The proportion of employees moved to 50.4 percent from 49.5 the week before.
All of the cities where Kastle collects data, including Austin, Chicago, and San Francisco, showed at least 40 percent of workers returning at least part-time, also a post-COVID first.
New York City’s rate is just 47.5 percent; San Francisco showed 45.9 percent of workers coming back.
Austin employers brought back 68 percent, the highest number. San Jose, in the heart of Silicon Valley, posted 41 percent, the lowest.
TREND FORECAST: Remember the bullshit being sold when politicians locked down the nation for several months on-and-off in 2020 and 2021: “It’ll come back,” was what the masses repeated after businesses were forced to close down and the masses forced to stay home… to “flatten the curve.”
And the “It’ll come back” was supposed to happen after the summer holidays.

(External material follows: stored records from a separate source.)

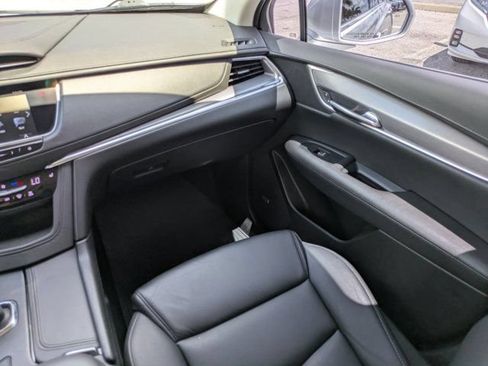 Used 2017 Cadillac XT5 Luxury AWD/4WD image 16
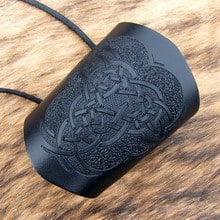Armschutz mit Prägung "Keltenknoten", mittel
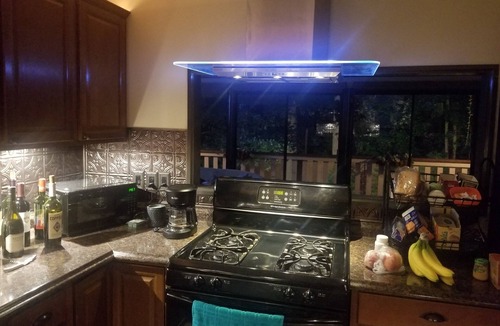 Tucker House | panoramic views, large hot tub/jacuzzi, cozy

Yet, despite firms ordering the plantation workers of Slavelandia to return to work, many refused.
Therefore, businesses have reached the 50-percent milestone much later than originally expected because the COVID hysteria kept washing through the labor force.
Also, workers remain reluctant to give up remote or hybrid arrangements that they came to value during the COVID War era.
TREND FORECAST: Corporations expected this “milestone” to be met by mid-2021. Now, more than 18 months later, not even all cities Kastle monitors can boast that rate.
Even if all cities manage to lure half of pre-COVID commuting workforce back downtown, that would still be too few to resuscitate downtown economic ecosystems that depended on commuters or to rescue office landlords from a possibly lethal margin squeeze.
In our Top Trend 2023, “Office Building Bust,” we forecasted the office property crisis will accelerate through 2023 as landlords face stiffer competition to get and keep tenants, wrangle with local governments to try to minimize their tax assessments, and see their margins shrink—many to the point of disappearing.
As interest rates continue to rise—as they will through at least the first half of this year—many landlords with adjustable-rate mortgages or loans needing to be refinanced will hand their keys back to their lenders or offer their buildings for sale at fire-sale prices.
Property owners—including owners of retail space as well as office towers—will consolidate, with those having deep pockets or access to cash buying up others on the cheap.
As property values are reassessed downward, cities are confronting hard decisions about which workers and services to cut, a trend now biting into municipal budgets that we reported in “As Forecast: Business Office Bust Begins to Bite” (20 Dec 2022).